In the past two days, he added, attempts have been made to consolidate, organize joint promotions while discussing the issues the business community is facing on daily basis.

“The Balkans can no longer be a powder keg. The Balkan countries and the whole of Southeastern Europe are the driving force of development. We need to work side by side with the EU and these initiatives are quite useful for the common good of the citizens and the business community,” said Zaev.

According to him, it would be a positive thing if these forums were to be extended with new participants, including Bulgaria and Greece.

Answering a journalist question, PM Zaev pledged to make efforts to facilitate transport communication – a requirement of the business community – in order to reduce border delays allowing better movement of people and goods.

Denis Zvizdic, Chairman of the Council of Ministers of Bosnia and Herzegovina, said the summit focused on issues on better use of natural resources of the countries in the region, increase in both domestic and foreign investments in a bid to solve the most important macroeconomic problem, namely job creation, especially for young people.

“Economic cooperation and regional connectivity should remain a priority of all national governments in the Western Balkans.

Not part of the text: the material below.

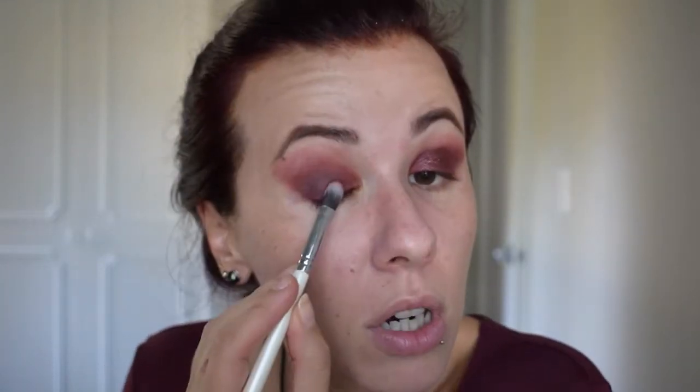Now I can move on with the next step and I am using the eyeshadow Showtime by Makeup Geek. This is a foiled eyeshadow — absolutely gorgeous. It's this dark maroon burgundy red and it will just give extra dimension to the look. I'm going to apply it to the center of my lid. It's not super shiny, not super bright, but it gives that extra shine and dimension to an otherwise all-matte look.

We are aware of our responsibility. We should aim at integrating the countries in the region themselves, and as such, the integrated region will strive towards European integration. It’s the duty of our governments,” noted Zvizdic.

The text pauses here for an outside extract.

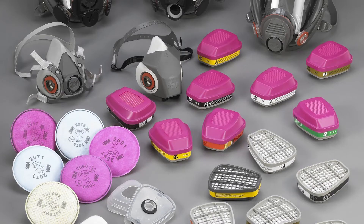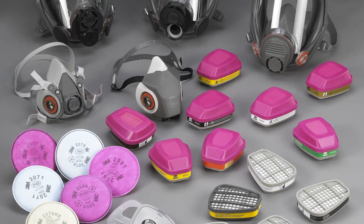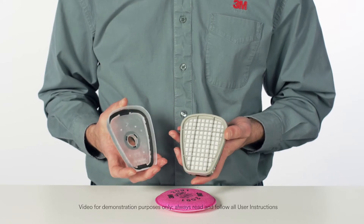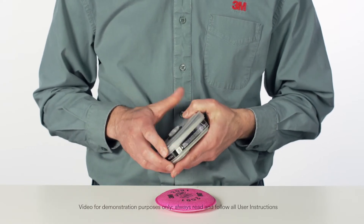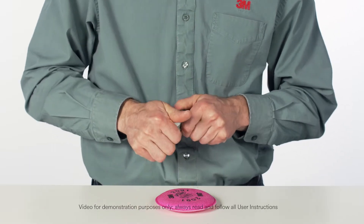3M Full Facepiece Respirators are designed to be used with a variety of 3M bayonet attachment chemical cartridges and particulate filters. If you have any questions about which cartridges and filters are appropriate for the respiratory hazards you encounter, consult your supervisor.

Montenegro’s Premier Dusko Markovic said it was concluded at the summit to resume the practice of direct talks and intensive meetings so as to boost confidence in each other.

“It is intended to meet our goal of improving the living standards of our citizens,” he stated adding that strong support had been extended to foreign investors because ‘without their money, experience and knowledge there is no growth of our economy.’

Albanian PM Edi Rama, when asked what he had told the leaders of the Albanian political parties in Macedonia with respect to the October 29 runoff, said the meeting ‘had nothing to do with the local elections.’

“The meeting had nothing to do with the elections. Elections were held here, it’s the job of the parties in Macedonia. Albania and myself have nothing to do with them. Elections are organized in Macedonia, our neighbor and friend,” stressed Rama.

The Summit 100 brought together over 150 business leaders from Slovenia, Croatia, Macedonia, Montenegro, BiH, Albania, Serbia and Kosovo to discuss connectivity between the countries in the region in all spheres. A memorandum of mutual understanding and cooperation between was signed by the Regional platform Summit100 and the Western Balkans Chambers Investment Forum (WB6 CIF).